As one of deep learning model classifications, the Generative Adaptive Networks (GAN) can generate an image result very close to the original image, achieving the effect of false or true. However, the conventional GAN has the problems of unstable training, collapse of pattern, disappearance of gradient and the like, so that the actual training process is often difficult to generate the desired image result. Until the proposals of Wasserstein GAN (WGAN) solved these problems well, the WGAN replaces the asymmetric JS divergence used by the traditional GAN with the smoothness and symmetry of the Wasserstein distance, and the training process shows strong stability and high image generation quality. Therefore, from the viewpoint of training stability and image generation quality, generation of a deep learning image data set by WGAN is becoming an important subject of many fields such as image processing and computer vision.

The architecture for adjusting the deep learning differential privacy protection algorithm based on the WGAN feedback method usually includes many parameters, and the setting of the parameters is generally considered as a key factor for balancing the privacy protection degree and the data availability. However, the general privacy parameter grouping method is often limited by the user's own requirements, and the privacy protection degree of the model is not analyzed in a fixed manner, so that the realization of the balance between the privacy protection degree and the data availability is hindered.

Through searching, the application number is: 201811540698.0, filing date: 12 and 17 in 2018, the invention name is as follows: a combined deep learning training method based on privacy protection technology is provided. In the application, a Homorphic Encryption (HE) method is used for sending encrypted data to a cloud server, and a user obtains the data through ciphertext decryption. However, the homomorphic encryption only involves addition and multiplication, and is difficult to adapt to the complex operation requirement of deep learning, and the operation process needs to consume a large amount of computing resources, which may cause the performance degradation of the deep learning network.

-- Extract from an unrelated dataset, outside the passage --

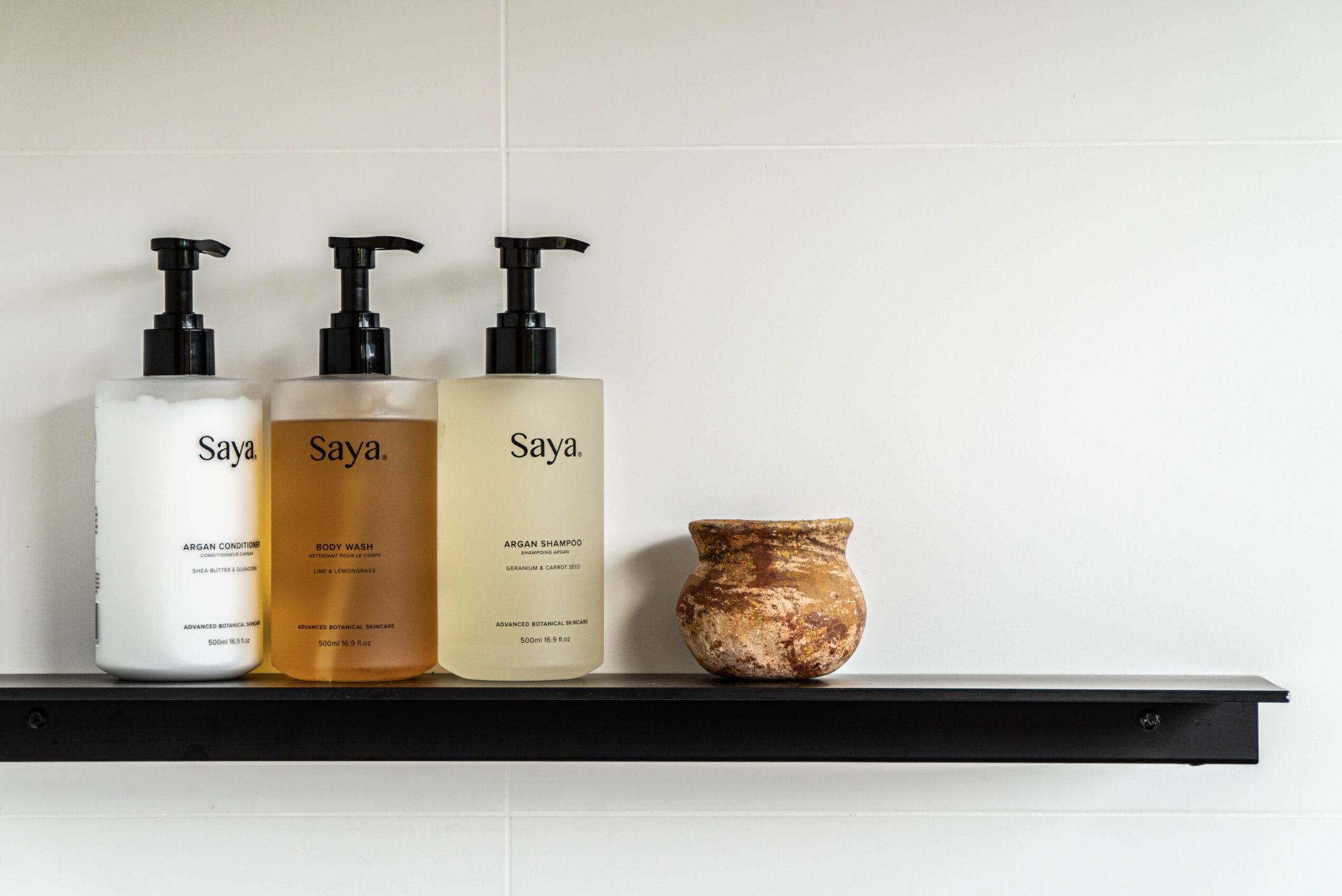 Saya bath amenities on a shelf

As another example, application numbers are: 201710611972.8, filing date: 7, month and 25 in 2017, the invention name is: a deep differential privacy protection method based on a generative countermeasure network. In this application, the concept of deep convolution generation of a countermeasure network (DCGAN) is applied to a deep learning image data set for privacy protection. However, the DCGAN used in this method still has a deficiency in training stability, as the number of training times increases, some parameters (such as filter) will oscillate due to collapse, and the DCGAN generation model is limited by batch normalization. In addition, the grouping setting method of the privacy parameters by the method mainly depends on the individual requirements of the user, and qualitative analysis of privacy loss minimization is not carried out on the feedback-adjusted privacy parameter setting.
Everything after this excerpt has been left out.